Brooks was 23 at the time. Just a few weeks earlier he was the last player - the very last player - cut from that team. He watched as buddies from his neighborhood were handed gold medals. In tears, he looked at his father sitting next to him, hoping for words to soothe his wounds and make the ache in his heart and the pit in his stomach go away.
His father stood, started to walk out of the room and said over his shoulder, "Looks like Coach cut the right guy."
Herb Brooks loved that story. Told it all the time. Those seven words - looks like Coach cut the right guy - lit a fire in Brooks. Those seven words inspired him to do something great in his life, to be a somebody.
Yet even after he coached the 1980 Olympic team to its "Miracle on Ice" and even after he coached in the NHL and won college national championships and brought respectability back to the U.S. hockey program with a silver medal in the 2002 Olympics, Brooks simply wanted to be known as a regular guy.
"I'm just a regular guy who wants another kick at the can," Brooks would say whenever he took a job. His favorite movie was Willy Wonka & the Chocolate Factory because Wonka was the maker of dreams and "everyone should have dreams," Brooks would say.
A ham-and-egger. That's what he called himself, and that's what he called anyone he really respected, anyone who worked for a living. He would rather rub elbows with the construction workers and plumbers and cops at the local watering hole than hobnob with high society at some stuffy black-tie affair.
Not that he couldn't slap backs and smoke cigars and sip brandy with the fat-cat corporate types in the back parlor. It's just that he would rather throw back a shot and a beer and talk about the weather.
Or hockey.
Herb - he was never Mr. Brooks ("My father was Mr. Brooks," he would say, "My name is Herb.") - loved to talk hockey. It meant more to him than anything in this world other than his wife, Patti, and his kids and grandkids.
From 2000-03, I covered hockey for the Minneapolis Star Tribune and got to know Herb, who lived in the Twin Cities, through our conversations about hockey. Several times a month, in a press box or over dinner or through a telephone, Herb and I would talk hockey. Or rather, Herb would talk hockey and I would listen.
The telephone would ring - it might be 10 in the morning or 10 at night - and the voice at other end would simply say, "Hey, it's Herb. What's going on with (name any NHL team or player)?"
In 20 minutes he could solve the problems of a half-dozen teams and lay out his plans to fix whatever particular woes were affecting youth hockey, college athletics and the Olympic program. He had a million stories, and theories, and plans.

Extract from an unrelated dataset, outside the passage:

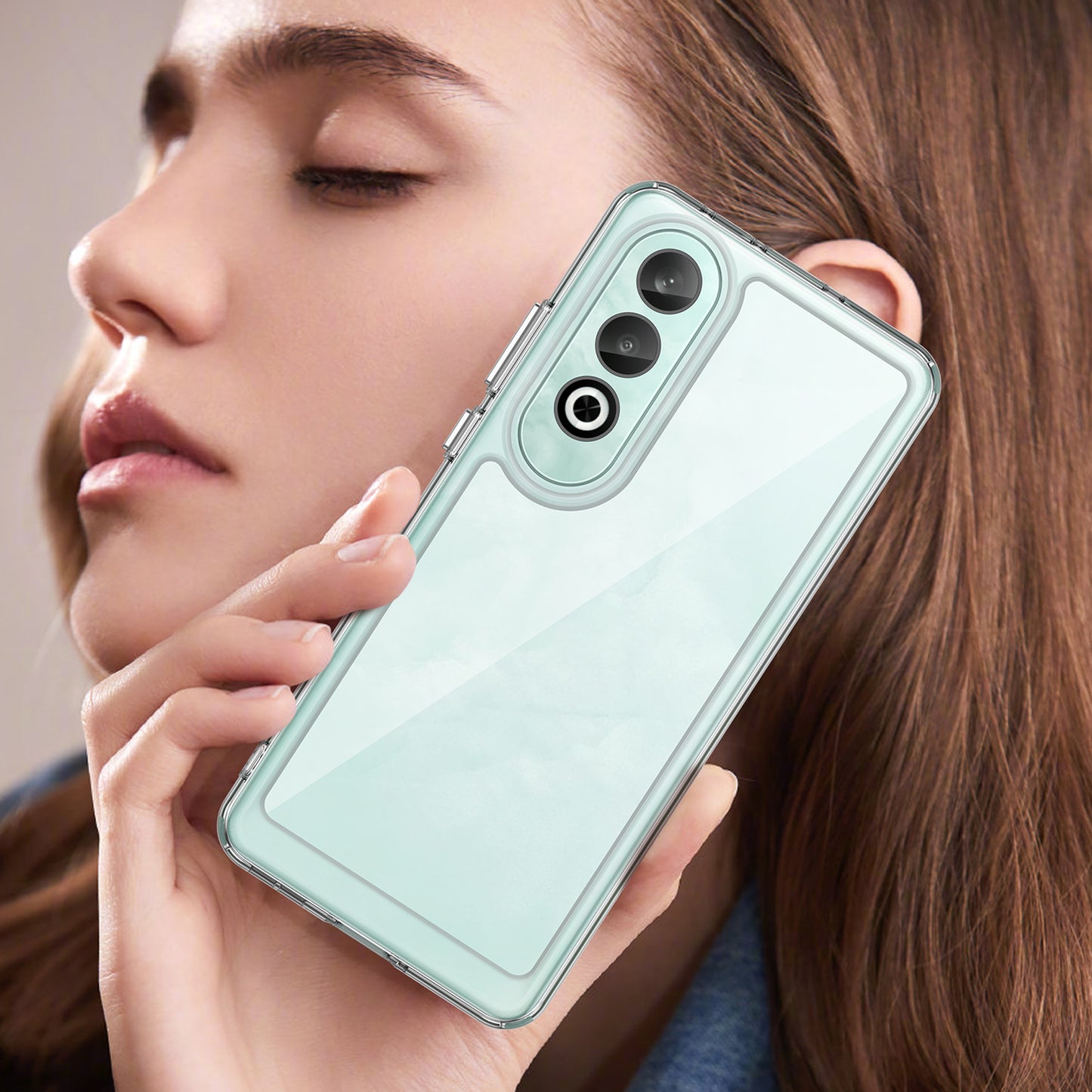 For OnePlus Nord CE4 5G Case Drop-Proof TPU Frame Clear Acrylic Protective Phone Shell - Transparent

Of course, there were just as many stories about Herb. Like the time he told his Olympic team, "You guys are playing worse and worse every day and right now you're playing like it's the middle of next month." Or, "Don't dump the puck in, that went out with short pants." Or, "You don't have enough talent to win on talent alone."
True story: One day during the 2002 Olympics, the U.S. hockey team did not practice, and thus the media could not talk with the players or Brooks for their stories. But late that afternoon, Brooks made two phone calls: one to a reporter from the Star Tribune and another to a reporter from the St. Paul Pioneer Press. Not Sports Illustrated. Not the New York Times. Nope, on the biggest sporting stage in the world, Brooks made sure the locals could get their stories. He took care of the regular guys.
Herb probably would be embarrassed by all the things being said about him today, and all that he accomplished. He never thought of himself as being a big deal. Which is exactly why he was a big deal.
After hearing Monday's tragic news that Brooks' life was cut short by a car accident, and knowing all that Brooks still had left to offer, one can only think, "Looks like the world lost the wrong guy."